The distance between my city and his is a difficult but worthy hurdle. A molehill that often feels like a mountain. An excuse I use to pout a lot at airports. And doing this — dating at a distance — has required teamwork to make work what wouldn’t work without effort.
It has required patience: 5 days close, 25 far (give or take). It has involved a learning curve (we use this meme a lot). But what we are learning is important: that it is possible to withstand the separation, by acknowledging (and acting on) what long distance daters need.
We’ve learned that we need structure.
Call it a schedule, if you will. Ground rules, even. Sometimes people resist this because it sounds like a threat to their freedom. But very little frees long distance daters to live their lives like knowing exactly when they’ll see (or Skype) each other next.
A long distance couple that doesn’t have structure doesn’t know what to expect, or what is expected of them. They also don’t have to show up — all conditions favorable for resentment. Deciding together what the days and times are each week that you’ll dedicate to each other undoes that.
Structure produces expectations. Meeting expectations expresses commitment.
We need trajectory.
That is, to acknowledge that long distance dating is a temporary part of a longer path, and to discern something important while we date: to where would God like this path to take us?
Having trajectory requires a couple to discuss with prudence what they don’t have to discuss at all without it: the future. We are not designed to “wait and see” what happens when we’re in relationships (long distance or not). We’re supposed to decide what happens.
Trajectory reminds us to decide.
We need boundaries.
Couples who are in long distance relationships need to talk. But couples who are in long distance relationships do not need to talk all day. Put the phone in the drawer (is what I tell myself daily upon arrival at work).
The temptation is strong for lots of people to be in constant communication with the person they date (regardless of how far apart they live). But boundaries prevent us from ignoring the important stuff in front of us, such as what people are paying us to do all day at work or the friends and family who surround us.
Boundaries also provide us with something important: anticipation. That 5:30 p.m. “FREEDOM!” text brings us bigger smiles than it would if we had been talking all day.

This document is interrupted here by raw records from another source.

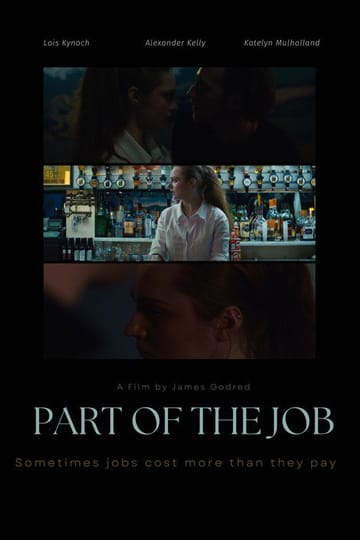 Дивитися фільм Part Of The Job 2026 онлайн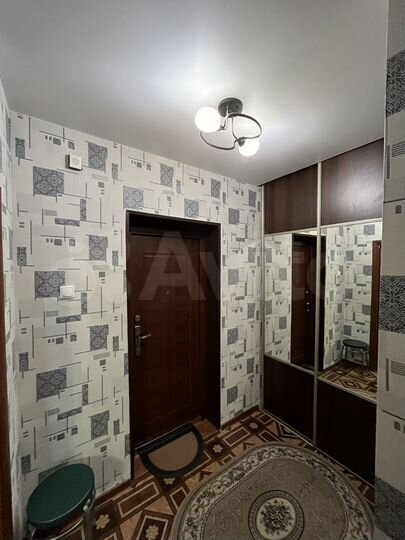 1-к. квартира, 38 м², 3/5 эт.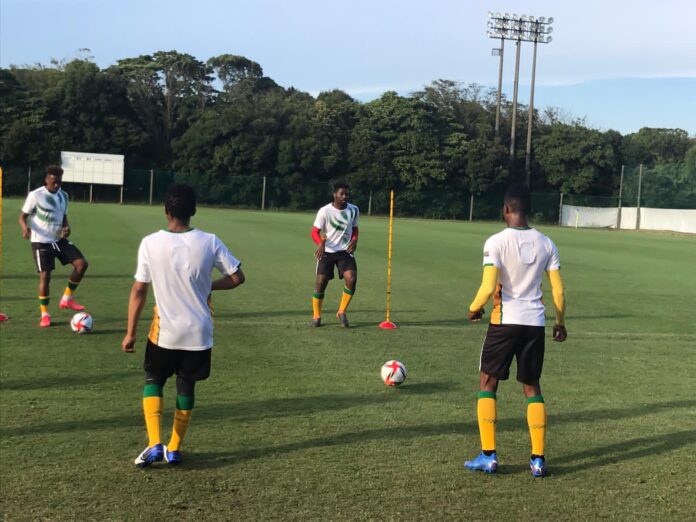 SA vs Japan in Tokyo: Let the Olympic Games Begin ...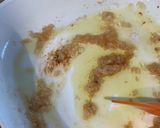 【作り置きに◎】キャベツの塩麹カレー炒め作り方3写真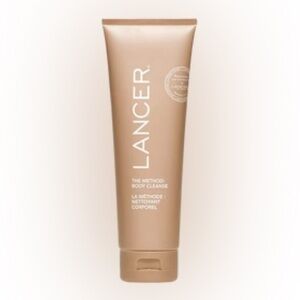 🎀 Lancer The Method: Body Cleanse • Luxury Resurfacing Body Wash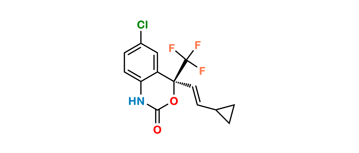 Picture of Efavirenz USP Related Compound B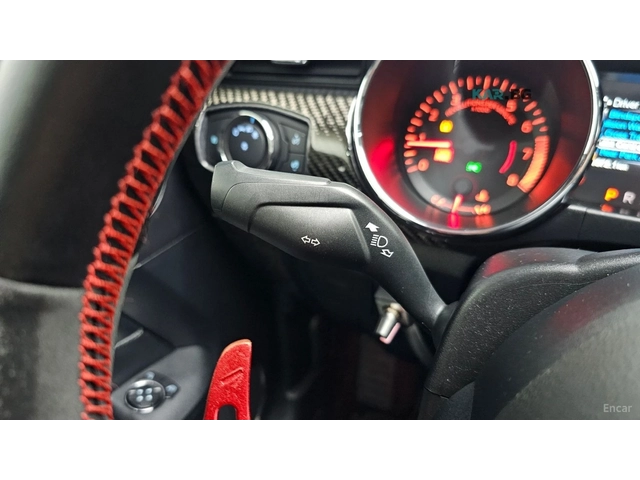 Ford Mustang ECOBOOST* КОЖА* ПОДГРЕВ* ОБДУХВ* НАВИ* - автомобили, коли, обяви за нови и употребявани 14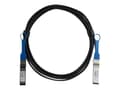 Miniatyrbild 5 av 5: StarTech.com HP JD097C-kompatibel SFP+-twinaxkabel för direktanslutning - 3 m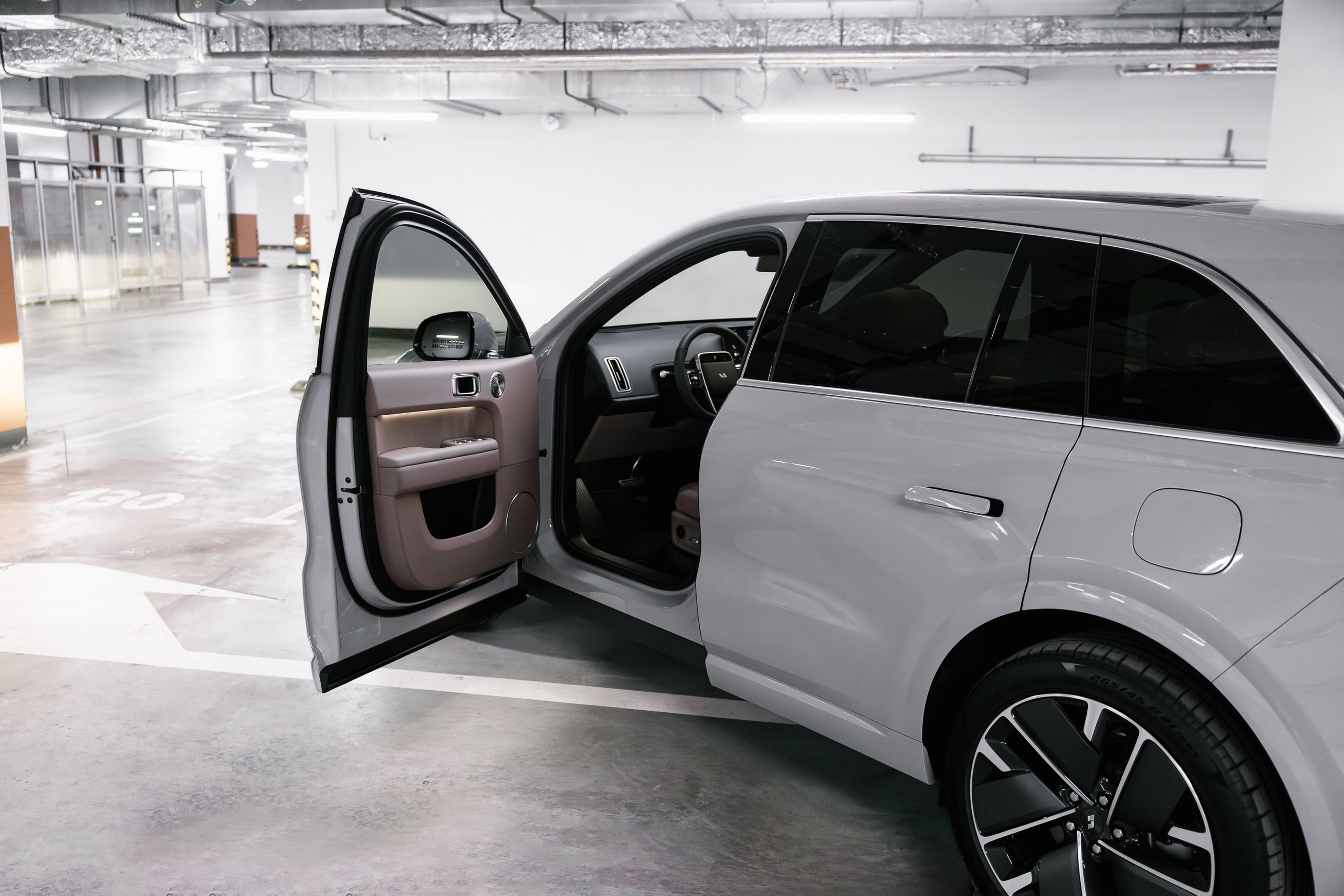 Li L6. Эстетика Sveta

And oh, how we need Jesus.
A significant other is not a source of peace nor the “fuel station,” as Timothy Keller calls it, that “fills the tank” when we’re “running on fumes,” spiritually or otherwise. A significant other can’t be those things because only God is those things.
And it can be easy while you wish you were with each other, geographically, to begin to expect your significant other to do God’s job.
But it is so, so good when you realize that it’s a reminder to focus on Jesus.